**Dataset extract:**
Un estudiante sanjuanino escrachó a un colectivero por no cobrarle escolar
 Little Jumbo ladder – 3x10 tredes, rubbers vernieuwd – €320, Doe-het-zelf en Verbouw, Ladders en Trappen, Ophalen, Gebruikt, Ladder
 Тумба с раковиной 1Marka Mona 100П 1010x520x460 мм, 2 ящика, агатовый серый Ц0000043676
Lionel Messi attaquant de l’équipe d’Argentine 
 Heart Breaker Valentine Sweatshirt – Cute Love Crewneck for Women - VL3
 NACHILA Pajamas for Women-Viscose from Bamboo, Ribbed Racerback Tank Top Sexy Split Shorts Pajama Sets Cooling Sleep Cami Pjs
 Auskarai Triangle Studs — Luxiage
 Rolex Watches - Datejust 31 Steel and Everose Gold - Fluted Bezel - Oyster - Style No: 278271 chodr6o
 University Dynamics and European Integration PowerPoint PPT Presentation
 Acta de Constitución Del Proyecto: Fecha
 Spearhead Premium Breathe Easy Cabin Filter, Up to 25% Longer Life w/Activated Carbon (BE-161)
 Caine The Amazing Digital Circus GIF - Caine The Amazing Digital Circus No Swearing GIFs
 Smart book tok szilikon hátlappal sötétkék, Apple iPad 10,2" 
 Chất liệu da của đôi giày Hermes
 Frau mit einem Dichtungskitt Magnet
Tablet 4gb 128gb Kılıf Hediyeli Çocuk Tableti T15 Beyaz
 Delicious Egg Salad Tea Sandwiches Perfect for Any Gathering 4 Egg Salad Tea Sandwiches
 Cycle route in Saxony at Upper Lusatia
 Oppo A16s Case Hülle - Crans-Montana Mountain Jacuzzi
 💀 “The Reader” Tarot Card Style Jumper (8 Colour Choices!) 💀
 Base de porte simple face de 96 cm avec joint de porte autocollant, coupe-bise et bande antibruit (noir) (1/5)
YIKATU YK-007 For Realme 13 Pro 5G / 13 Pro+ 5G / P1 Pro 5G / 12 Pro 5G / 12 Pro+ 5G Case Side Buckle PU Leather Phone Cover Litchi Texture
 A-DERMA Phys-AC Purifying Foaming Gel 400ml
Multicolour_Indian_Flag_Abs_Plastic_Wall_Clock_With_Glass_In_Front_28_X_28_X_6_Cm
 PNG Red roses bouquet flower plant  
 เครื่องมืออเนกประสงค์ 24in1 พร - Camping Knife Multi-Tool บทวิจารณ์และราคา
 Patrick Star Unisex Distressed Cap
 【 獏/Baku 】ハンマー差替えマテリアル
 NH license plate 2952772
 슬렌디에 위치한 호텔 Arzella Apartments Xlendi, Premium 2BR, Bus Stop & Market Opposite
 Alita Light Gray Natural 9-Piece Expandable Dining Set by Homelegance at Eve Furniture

**What this task involves:**
If a line of the material contains the string "Premium", count it; give only the total.

**Output for this task:**
2